HARJABO

gus durian bondowoso

Polisi Brutal: Saat Negara Kehilangan Wajah Kemanusiaannya

 

Oleh : Achlan Nuri (Ketua Komsat PMII UNEJ BWS 2024-2025) 


Di negeri yang mengaku demokratis ini, suara rakyat seharusnya menjadi sumber legitimasi tertinggi. Namun, fakta di lapangan menunjukkan hal sebaliknya: rakyat justru diperlakukan bak musuh oleh aparat yang semestinya melindungi mereka. Brutalisme polisi dari pemukulan, penangkapan sewenang-wenang, hingga jatuhnya korban jiwa bukan lagi sekadar kasus insidental, melainkan sebuah pola represif yang terus berulang.

Fenomena ini menimbulkan pertanyaan mendasar: untuk siapa sebenarnya polisi bekerja? Apakah untuk rakyat yang membiayainya melalui pajak, atau untuk kekuasaan yang berlindung di balik tameng represif?

Aparat dan Konstitusi yang Dikhianati

Polisi seharusnya tunduk pada konstitusi dan undang-undang. Pasal 30 ayat (4) UUD 1945 menegaskan bahwa Polri adalah alat negara yang bertugas menjaga keamanan dan ketertiban masyarakat, melindungi, mengayomi, dan melayani rakyat, serta menegakkan hukum. Demikian pula, UU No. 2 Tahun 2002 tentang Kepolisian menekankan penghormatan terhadap hak asasi manusia.

Namun yang terjadi di lapangan justru sebaliknya. Aspirasi rakyat dibungkam dengan gas air mata, pentungan, bahkan peluru. Aksi damai berakhir dengan luka, tangisan, dan kematian. Ini adalah bentuk pengkhianatan terang-terangan terhadap konstitusi dan mandat reformasi.

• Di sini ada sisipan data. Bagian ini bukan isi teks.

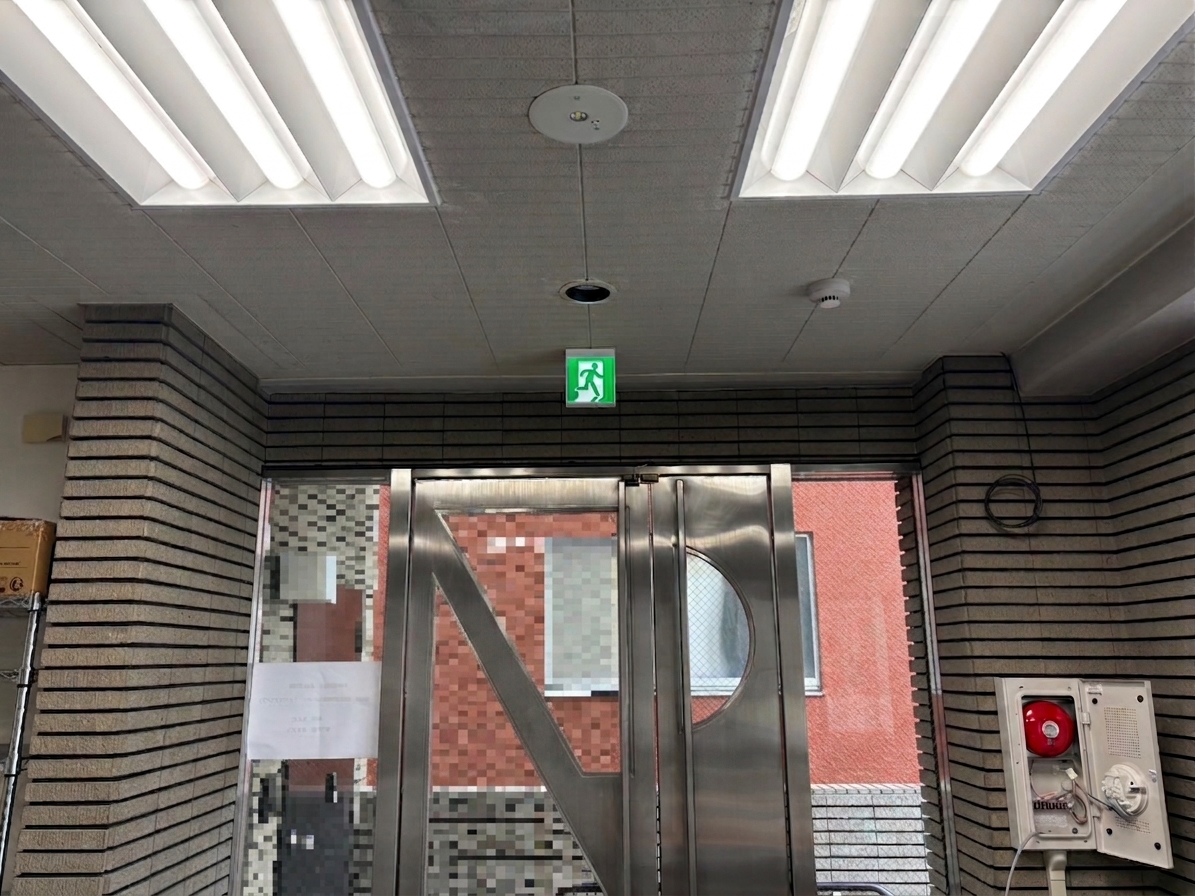 カフェ出入口の上部に設置したLED避難口誘導灯（C級片面型）と天井の光電式煙感知器
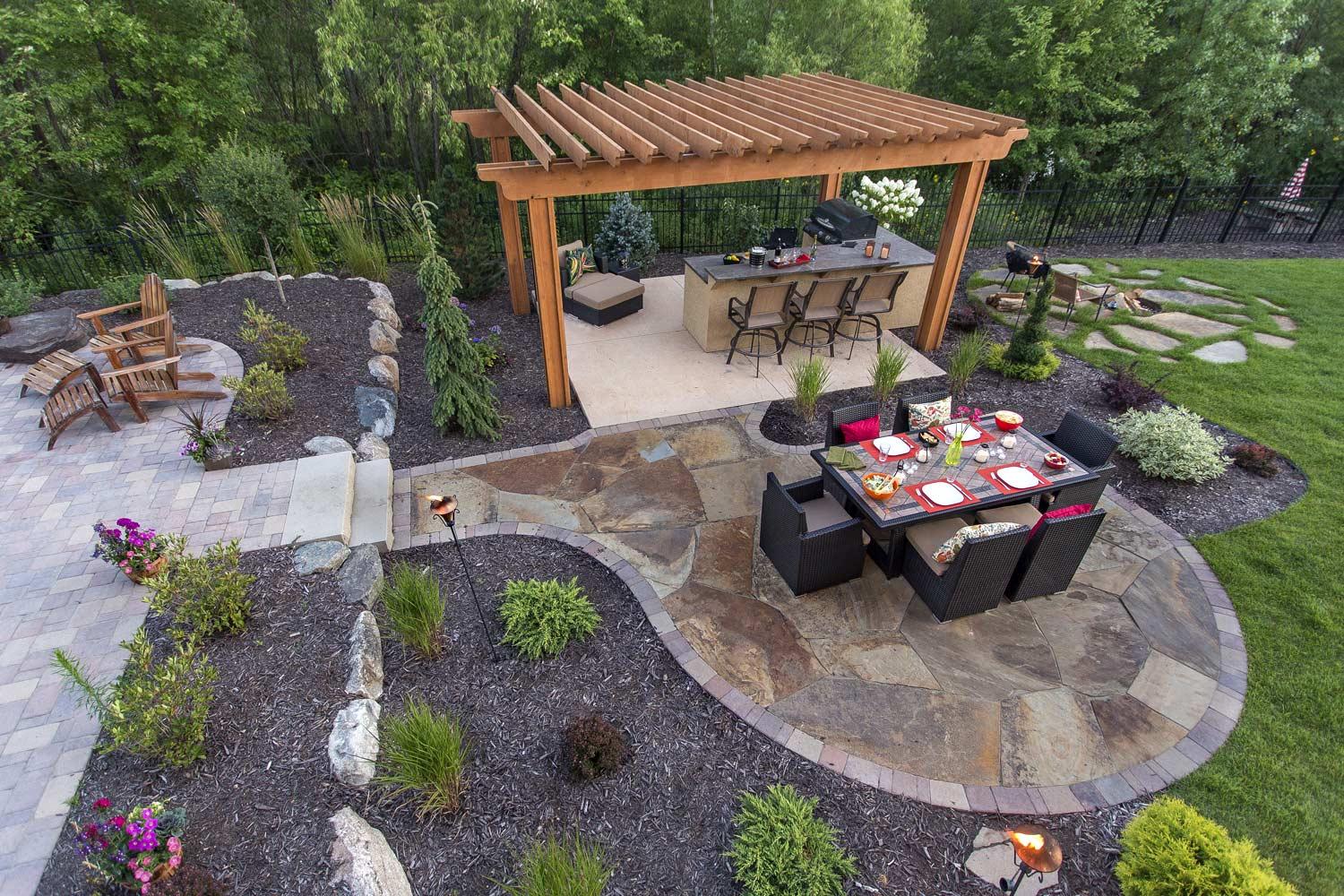 An aerial view of a patio with a table and chairs under a pergola.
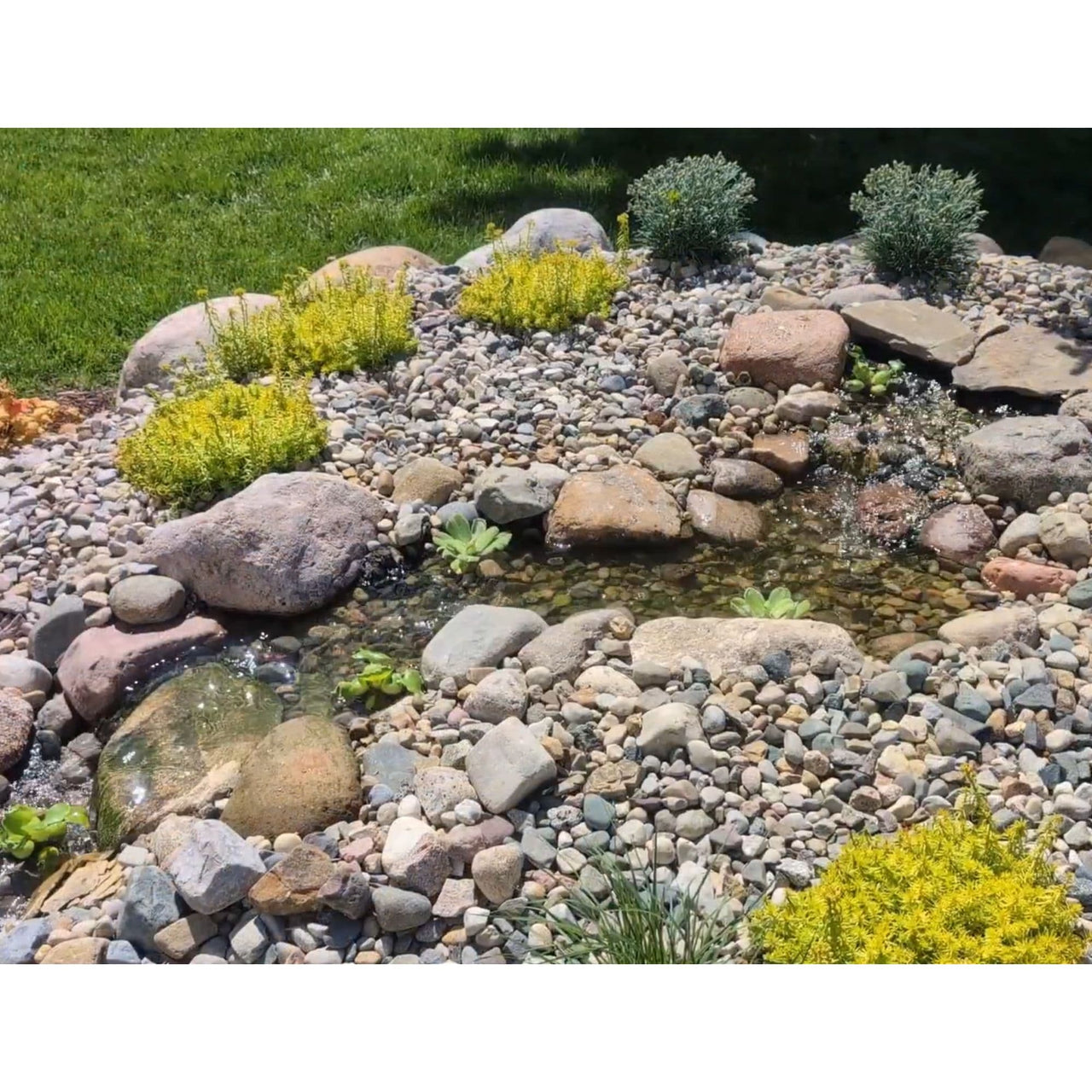 Blue Thumb DIY Medium Cascading Pondless Waterfall Kit Surrounded By Stones And Green Grass Background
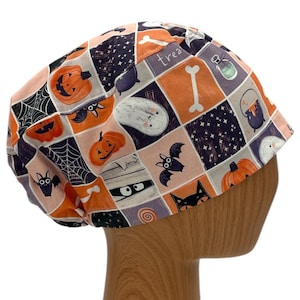 May include: A pink and orange patterned scrub hat with a Halloween theme. The hat features images of pumpkins, bats, ghosts, and a bone with the word "treat" on it.
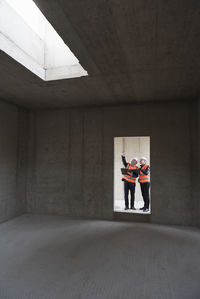 Two men wearing safety vests talking in building under construction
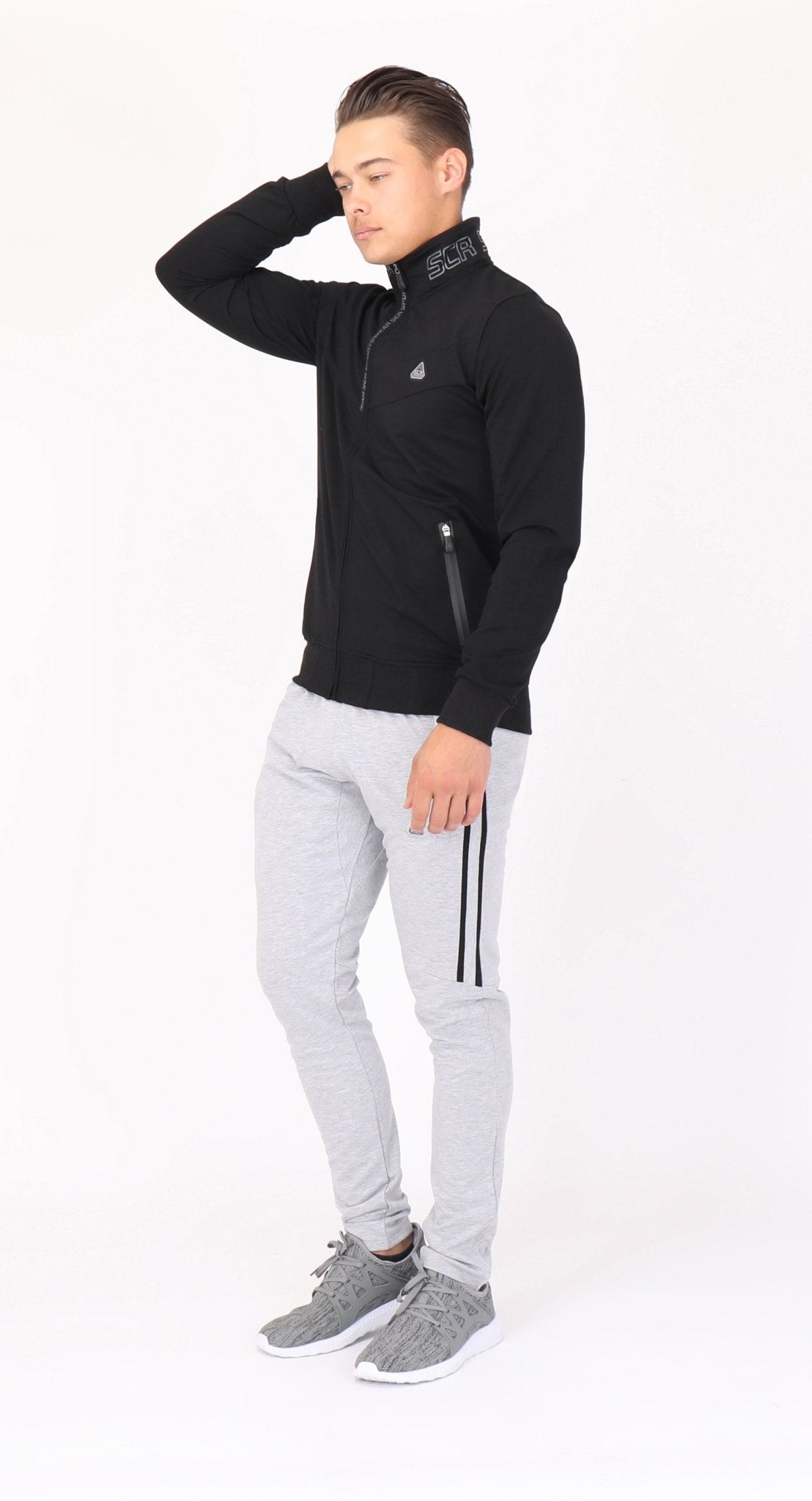 Model wearing the black SCR All-Day Comfort sweatshirt, full-length view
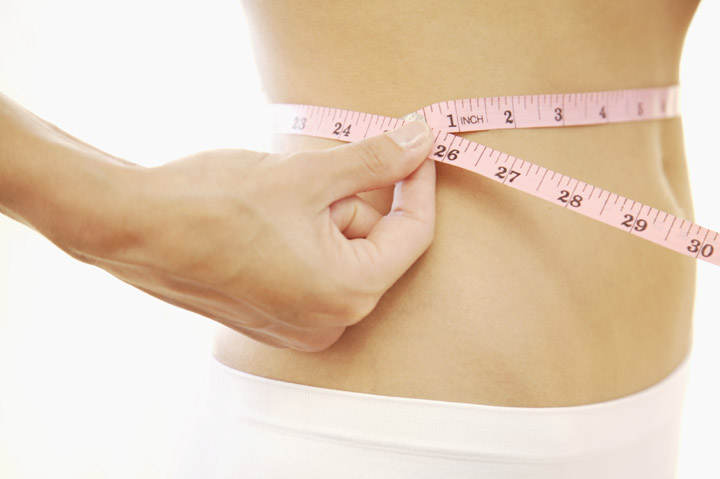 Close up of young woman stomach with measuring tape.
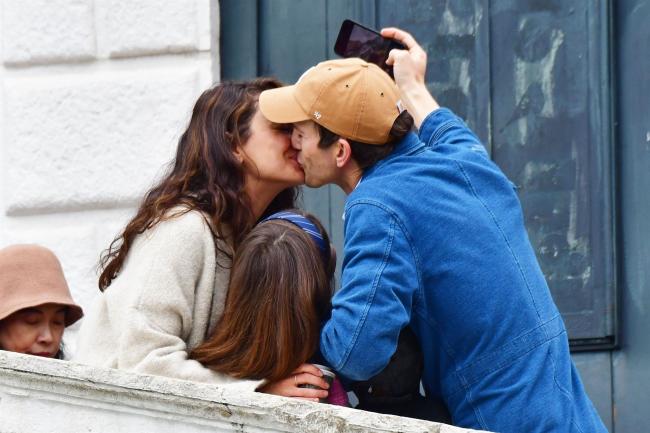 La pareja compartio un dulce beso mientras se tomaban una foto familiar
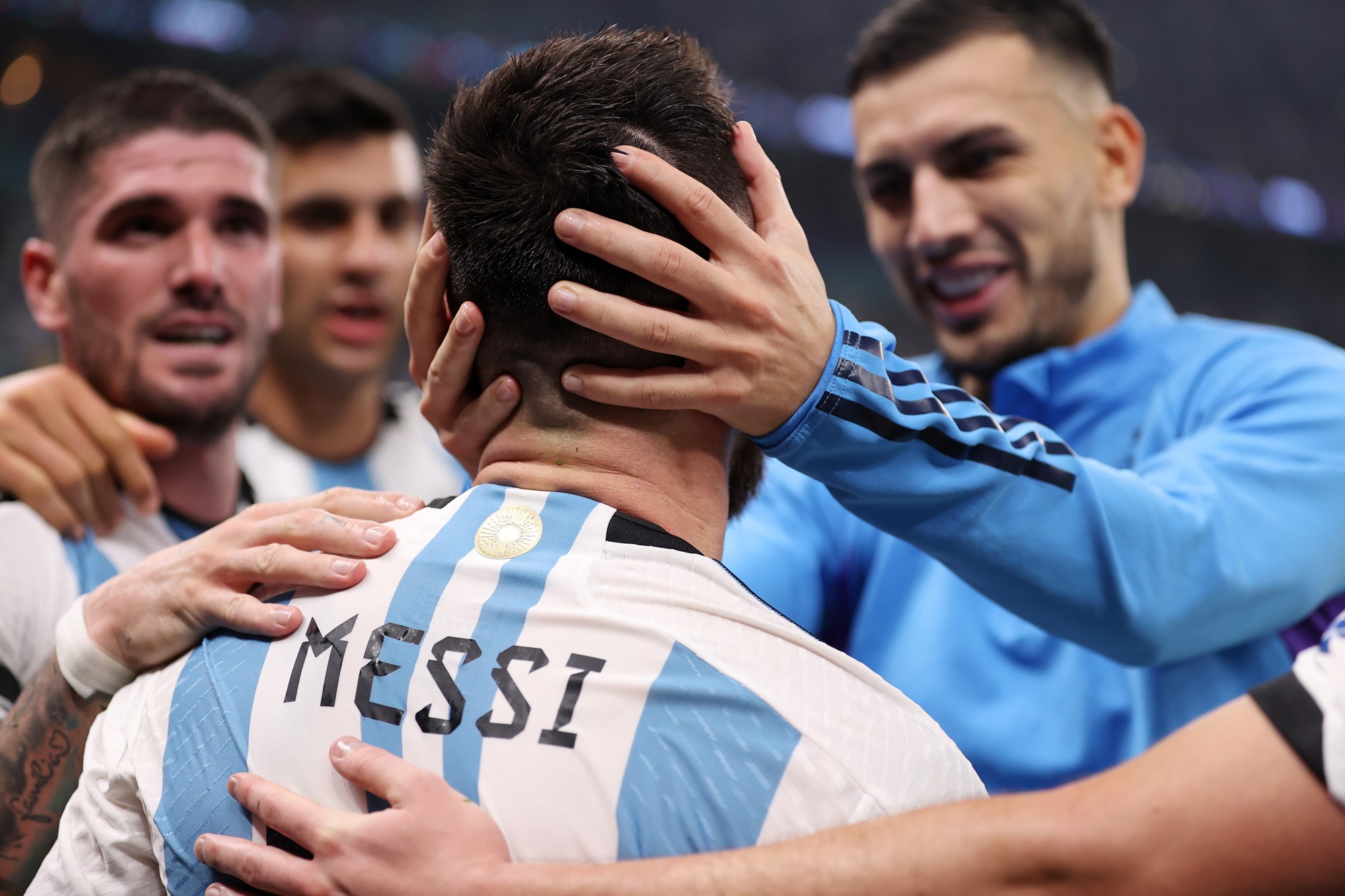 Argentina teammates celebrate with Lionel Messi.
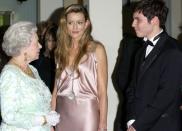 <p>While attending the premiere of <em>The Truman Show, </em>actress Natascha McElhone chatted with Queen Elizabeth while wearing a slinky, pink silk dress.</p>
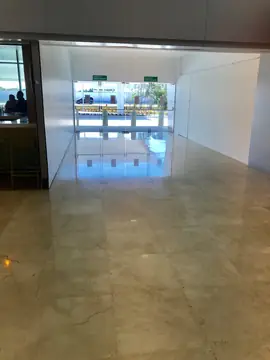 Paso hacia salida con suelo en tono crema. Pasillo con pavimento pulido en tono crema que refleja la luz de las puertas de vidrio de salida al exterior.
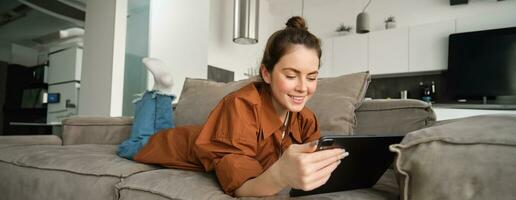 fin de semaine et mode de vie concept. Jeune femme mensonge sur canapé avec numérique tablette, défilement social médias, en train de lire ebook ou en train de regarder la télé séries sur app photo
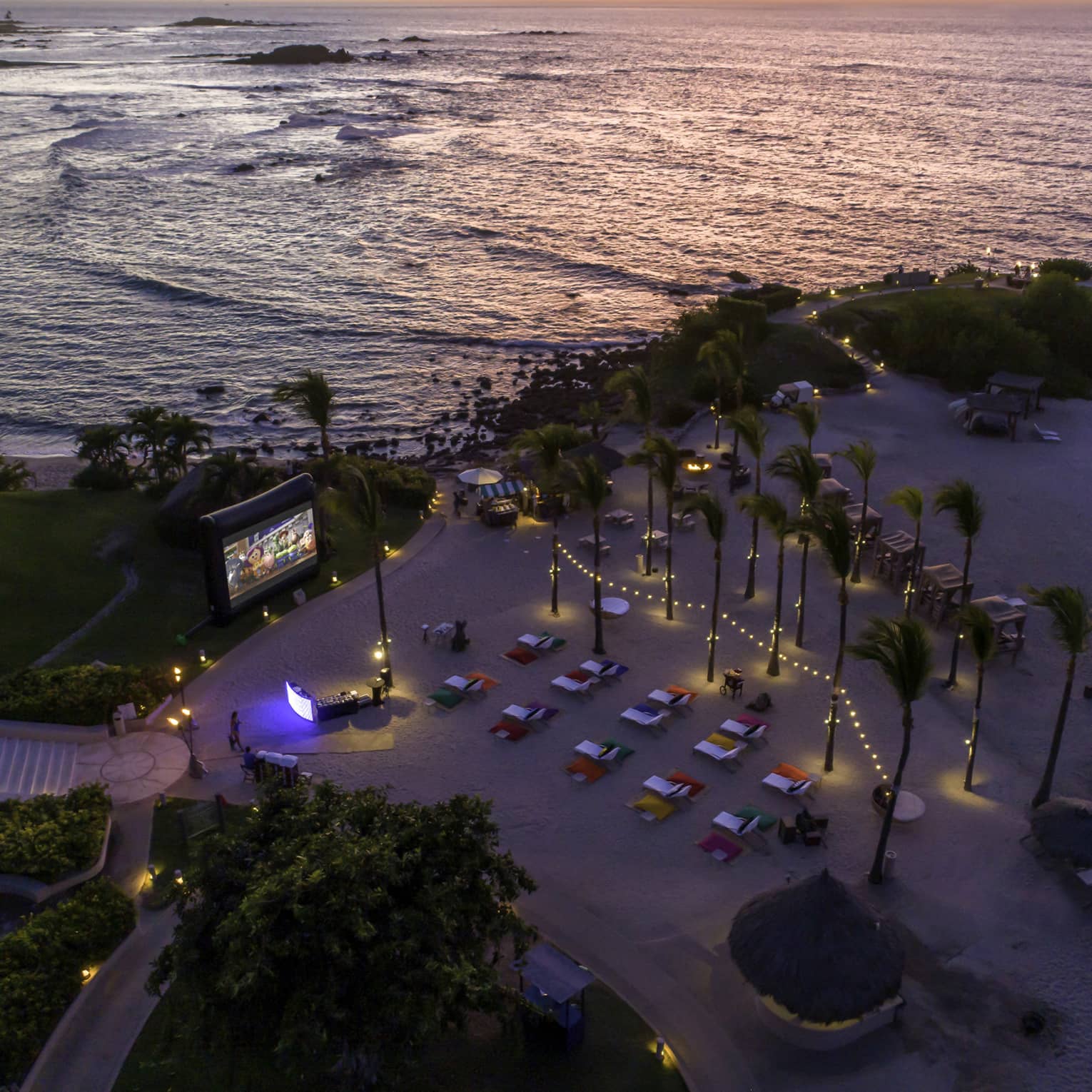 A bird's eye view of cars watching. a screen on a beach.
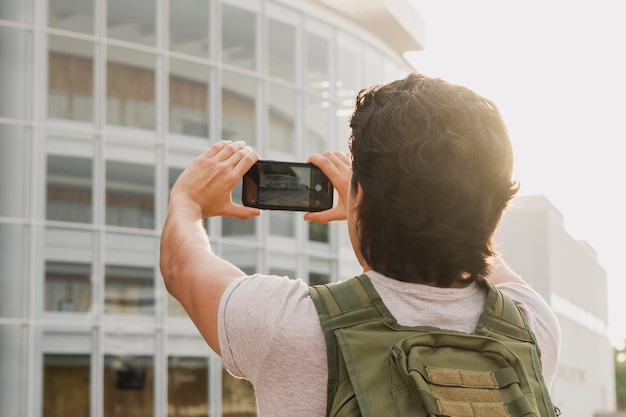 Hombre de ángulo bajo tomando fotos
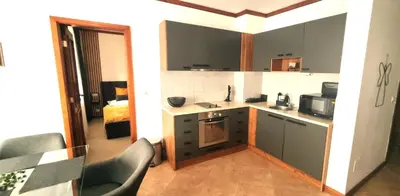 a kitchen with a counter and chairs in a room at Family Luxury Private Apartments in 4 star SPA Resort St Ivan Rilski, Bansko in Bansko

Kebrutalan polisi bukan sekadar ulah oknum. Ia adalah warisan kultur represif rezim otoriter yang masih melekat kuat dalam tubuh institusi kepolisian. Pola pikir bahwa rakyat adalah ancaman telah membuat polisi lebih sibuk mengamankan kekuasaan daripada mengayomi masyarakat.

Setiap kali rakyat turun ke jalan menyuarakan keadilan, polisi hadir bukan sebagai pengaman, melainkan sebagai algojo. Dan ketika nyawa rakyat melayang, negara seakan berlindung di balik dalih "oknum". Padahal, yang rusak adalah sistem, bukan hanya individu.

Jika brutalitas polisi terus dibiarkan, maka kepercayaan publik terhadap negara akan hancur. Negara kehilangan wajah kemanusiaannya ketika aparat yang seharusnya melindungi justru menjadi mesin penindas. Karena itu, reformasi total kepolisian adalah kebutuhan mendesak, bukan sekadar wacana.

Reformasi itu harus menyentuh tiga aspek utama: struktur, kultur, dan manajemen. Struktur Polri harus transparan dan akuntabel; kultur kekerasan harus diganti dengan orientasi pelayanan publik; manajemen harus memastikan pengawasan independen agar setiap pelanggaran aparat bisa diadili secara terbuka.

Kita tidak boleh diam. Darah rakyat yang tumpah bukan sekadar statistik, melainkan jeritan kemanusiaan yang menuntut keadilan. Brutalisme polisi adalah wajah lain dari negara yang gagal. Jika polisi terus menindas rakyat, maka rakyat berhak menyebut bahwa negeri ini sedang berjalan menuju fasisme.

Dan dari Bondowoso, kita tegaskan: tidak ada demokrasi tanpa kebebasan rakyat, tidak ada keadilan tanpa keberanian menindak aparat brutal.